Segment Open
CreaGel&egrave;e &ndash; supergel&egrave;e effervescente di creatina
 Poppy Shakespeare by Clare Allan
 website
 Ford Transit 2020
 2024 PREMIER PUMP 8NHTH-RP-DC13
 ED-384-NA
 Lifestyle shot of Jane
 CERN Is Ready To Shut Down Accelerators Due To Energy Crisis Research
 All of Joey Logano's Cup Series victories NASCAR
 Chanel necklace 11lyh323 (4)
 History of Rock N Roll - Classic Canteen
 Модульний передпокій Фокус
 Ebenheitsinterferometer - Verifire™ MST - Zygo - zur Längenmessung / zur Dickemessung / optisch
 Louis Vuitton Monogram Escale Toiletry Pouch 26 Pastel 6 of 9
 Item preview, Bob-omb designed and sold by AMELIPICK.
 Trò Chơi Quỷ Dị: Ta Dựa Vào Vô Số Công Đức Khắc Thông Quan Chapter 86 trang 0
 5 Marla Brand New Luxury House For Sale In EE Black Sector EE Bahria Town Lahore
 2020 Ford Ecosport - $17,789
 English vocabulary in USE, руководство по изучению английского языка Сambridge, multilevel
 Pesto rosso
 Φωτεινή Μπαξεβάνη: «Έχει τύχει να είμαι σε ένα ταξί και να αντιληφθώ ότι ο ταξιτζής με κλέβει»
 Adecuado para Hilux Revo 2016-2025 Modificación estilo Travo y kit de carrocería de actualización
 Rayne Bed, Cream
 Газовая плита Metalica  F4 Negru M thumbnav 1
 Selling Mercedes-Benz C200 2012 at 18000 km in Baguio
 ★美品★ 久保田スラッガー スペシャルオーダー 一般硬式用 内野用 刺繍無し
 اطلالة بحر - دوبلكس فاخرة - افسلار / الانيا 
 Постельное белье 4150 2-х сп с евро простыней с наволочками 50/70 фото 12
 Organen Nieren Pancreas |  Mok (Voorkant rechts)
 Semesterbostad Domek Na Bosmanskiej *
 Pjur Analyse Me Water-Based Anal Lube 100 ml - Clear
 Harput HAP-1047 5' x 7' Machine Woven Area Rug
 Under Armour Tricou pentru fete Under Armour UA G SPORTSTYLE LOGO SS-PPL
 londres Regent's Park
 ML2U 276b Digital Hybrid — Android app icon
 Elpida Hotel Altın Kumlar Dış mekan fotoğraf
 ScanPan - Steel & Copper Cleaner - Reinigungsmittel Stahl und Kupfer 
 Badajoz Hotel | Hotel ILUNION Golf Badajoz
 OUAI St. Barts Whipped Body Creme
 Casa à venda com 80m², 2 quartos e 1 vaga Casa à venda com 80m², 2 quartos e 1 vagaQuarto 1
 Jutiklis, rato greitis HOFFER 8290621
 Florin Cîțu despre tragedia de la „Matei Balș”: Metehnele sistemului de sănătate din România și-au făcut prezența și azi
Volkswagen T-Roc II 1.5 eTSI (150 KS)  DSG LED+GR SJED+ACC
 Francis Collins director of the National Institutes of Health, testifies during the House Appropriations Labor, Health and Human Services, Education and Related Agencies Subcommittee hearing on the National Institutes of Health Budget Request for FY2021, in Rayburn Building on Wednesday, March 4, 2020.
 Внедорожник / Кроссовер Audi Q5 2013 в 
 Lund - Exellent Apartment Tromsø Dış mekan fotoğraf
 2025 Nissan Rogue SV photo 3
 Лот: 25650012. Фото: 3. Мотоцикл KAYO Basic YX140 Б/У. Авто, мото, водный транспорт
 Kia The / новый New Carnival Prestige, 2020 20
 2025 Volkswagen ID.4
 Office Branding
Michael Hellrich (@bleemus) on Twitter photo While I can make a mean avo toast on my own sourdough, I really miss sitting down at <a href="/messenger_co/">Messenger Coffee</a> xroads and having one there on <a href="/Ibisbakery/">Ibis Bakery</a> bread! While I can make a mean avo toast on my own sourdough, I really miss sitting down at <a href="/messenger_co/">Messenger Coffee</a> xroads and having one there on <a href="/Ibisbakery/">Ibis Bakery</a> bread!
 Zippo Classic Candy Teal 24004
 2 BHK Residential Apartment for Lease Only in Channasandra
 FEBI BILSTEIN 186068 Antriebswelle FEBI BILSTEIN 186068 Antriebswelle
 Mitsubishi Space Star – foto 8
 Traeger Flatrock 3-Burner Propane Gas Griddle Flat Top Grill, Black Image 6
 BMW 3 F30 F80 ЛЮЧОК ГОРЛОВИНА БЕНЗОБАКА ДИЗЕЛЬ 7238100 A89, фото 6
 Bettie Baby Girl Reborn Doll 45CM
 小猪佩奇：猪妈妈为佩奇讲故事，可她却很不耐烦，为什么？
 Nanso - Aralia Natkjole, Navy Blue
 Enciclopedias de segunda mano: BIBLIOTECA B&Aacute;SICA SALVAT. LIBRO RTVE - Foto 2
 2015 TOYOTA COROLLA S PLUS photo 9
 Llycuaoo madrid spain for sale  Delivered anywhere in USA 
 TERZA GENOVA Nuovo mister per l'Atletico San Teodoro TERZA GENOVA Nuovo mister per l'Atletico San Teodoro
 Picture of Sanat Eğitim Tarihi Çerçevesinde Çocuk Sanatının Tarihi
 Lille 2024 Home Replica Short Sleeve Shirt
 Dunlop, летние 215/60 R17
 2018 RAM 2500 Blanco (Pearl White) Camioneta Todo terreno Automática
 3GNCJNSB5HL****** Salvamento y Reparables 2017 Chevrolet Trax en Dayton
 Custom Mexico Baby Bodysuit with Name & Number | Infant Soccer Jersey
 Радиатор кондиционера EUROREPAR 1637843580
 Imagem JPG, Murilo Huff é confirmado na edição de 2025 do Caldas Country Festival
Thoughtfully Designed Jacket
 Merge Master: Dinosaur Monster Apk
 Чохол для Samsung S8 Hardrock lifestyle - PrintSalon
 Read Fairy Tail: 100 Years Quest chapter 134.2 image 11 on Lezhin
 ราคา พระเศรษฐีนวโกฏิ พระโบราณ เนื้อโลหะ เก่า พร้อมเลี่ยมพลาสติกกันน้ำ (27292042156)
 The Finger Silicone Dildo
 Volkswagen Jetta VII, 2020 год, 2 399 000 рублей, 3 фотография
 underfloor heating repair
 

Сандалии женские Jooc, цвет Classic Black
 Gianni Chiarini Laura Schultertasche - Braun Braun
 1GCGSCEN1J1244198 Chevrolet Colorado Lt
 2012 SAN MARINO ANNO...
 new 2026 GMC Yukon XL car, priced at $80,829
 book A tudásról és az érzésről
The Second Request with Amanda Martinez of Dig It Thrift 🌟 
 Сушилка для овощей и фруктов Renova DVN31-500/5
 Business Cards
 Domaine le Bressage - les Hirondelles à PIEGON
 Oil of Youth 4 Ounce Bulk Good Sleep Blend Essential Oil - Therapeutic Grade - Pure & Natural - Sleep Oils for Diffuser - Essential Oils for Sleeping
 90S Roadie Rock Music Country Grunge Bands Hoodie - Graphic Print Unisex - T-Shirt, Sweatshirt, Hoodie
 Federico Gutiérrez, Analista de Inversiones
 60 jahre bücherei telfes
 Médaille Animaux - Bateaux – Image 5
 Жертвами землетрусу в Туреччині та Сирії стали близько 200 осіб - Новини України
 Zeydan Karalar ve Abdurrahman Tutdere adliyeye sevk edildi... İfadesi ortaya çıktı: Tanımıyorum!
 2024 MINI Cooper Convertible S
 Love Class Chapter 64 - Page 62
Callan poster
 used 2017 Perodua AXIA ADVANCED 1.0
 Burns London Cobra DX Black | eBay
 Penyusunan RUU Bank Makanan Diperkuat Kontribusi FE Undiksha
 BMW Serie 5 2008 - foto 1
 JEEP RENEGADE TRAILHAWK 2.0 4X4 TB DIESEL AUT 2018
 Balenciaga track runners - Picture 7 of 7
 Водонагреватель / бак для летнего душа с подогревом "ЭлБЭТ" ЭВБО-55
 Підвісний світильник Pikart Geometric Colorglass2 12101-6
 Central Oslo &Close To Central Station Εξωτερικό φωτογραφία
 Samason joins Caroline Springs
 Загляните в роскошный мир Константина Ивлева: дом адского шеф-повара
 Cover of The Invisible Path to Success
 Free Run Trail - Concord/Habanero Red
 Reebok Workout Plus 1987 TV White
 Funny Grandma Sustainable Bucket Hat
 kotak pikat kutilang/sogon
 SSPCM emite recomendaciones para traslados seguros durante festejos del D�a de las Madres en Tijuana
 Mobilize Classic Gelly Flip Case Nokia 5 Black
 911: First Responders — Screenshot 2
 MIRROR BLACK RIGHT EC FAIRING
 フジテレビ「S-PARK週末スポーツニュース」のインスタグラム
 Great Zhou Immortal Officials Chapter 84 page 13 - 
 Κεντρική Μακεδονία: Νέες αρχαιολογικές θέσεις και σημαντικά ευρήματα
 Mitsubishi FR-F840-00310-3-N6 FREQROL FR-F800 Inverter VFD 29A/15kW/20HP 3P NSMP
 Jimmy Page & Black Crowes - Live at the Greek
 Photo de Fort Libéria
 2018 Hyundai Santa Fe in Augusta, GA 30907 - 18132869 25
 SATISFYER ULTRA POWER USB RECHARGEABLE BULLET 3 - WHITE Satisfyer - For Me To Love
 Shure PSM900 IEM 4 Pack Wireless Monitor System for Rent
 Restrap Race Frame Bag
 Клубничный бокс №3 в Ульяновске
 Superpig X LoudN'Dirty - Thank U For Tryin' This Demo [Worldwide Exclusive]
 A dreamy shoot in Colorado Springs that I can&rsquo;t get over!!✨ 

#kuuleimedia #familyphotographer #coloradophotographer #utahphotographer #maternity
Segment Closed
- [Problem statement]: Please restate the records word for word. Go from the first line to the line with "اطلالة بحر - دوبلكس فاخرة - افسلار / الانيا" and include both.

- [Task result]:
CreaGel&egrave;e &ndash; supergel&egrave;e effervescente di creatina
 Poppy Shakespeare by Clare Allan
 website
 Ford Transit 2020
 2024 PREMIER PUMP 8NHTH-RP-DC13
 ED-384-NA
 Lifestyle shot of Jane
 CERN Is Ready To Shut Down Accelerators Due To Energy Crisis Research
 All of Joey Logano's Cup Series victories NASCAR
 Chanel necklace 11lyh323 (4)
 History of Rock N Roll - Classic Canteen
 Модульний передпокій Фокус
 Ebenheitsinterferometer - Verifire™ MST - Zygo - zur Längenmessung / zur Dickemessung / optisch
 Louis Vuitton Monogram Escale Toiletry Pouch 26 Pastel 6 of 9
 Item preview, Bob-omb designed and sold by AMELIPICK.
 Trò Chơi Quỷ Dị: Ta Dựa Vào Vô Số Công Đức Khắc Thông Quan Chapter 86 trang 0
 5 Marla Brand New Luxury House For Sale In EE Black Sector EE Bahria Town Lahore
 2020 Ford Ecosport - $17,789
 English vocabulary in USE, руководство по изучению английского языка Сambridge, multilevel
 Pesto rosso
 Φωτεινή Μπαξεβάνη: «Έχει τύχει να είμαι σε ένα ταξί και να αντιληφθώ ότι ο ταξιτζής με κλέβει»
 Adecuado para Hilux Revo 2016-2025 Modificación estilo Travo y kit de carrocería de actualización
 Rayne Bed, Cream
 Газовая плита Metalica  F4 Negru M thumbnav 1
 Selling Mercedes-Benz C200 2012 at 18000 km in Baguio
 ★美品★ 久保田スラッガー スペシャルオーダー 一般硬式用 内野用 刺繍無し
 اطلالة بحر - دوبلكس فاخرة - افسلار / الانيا 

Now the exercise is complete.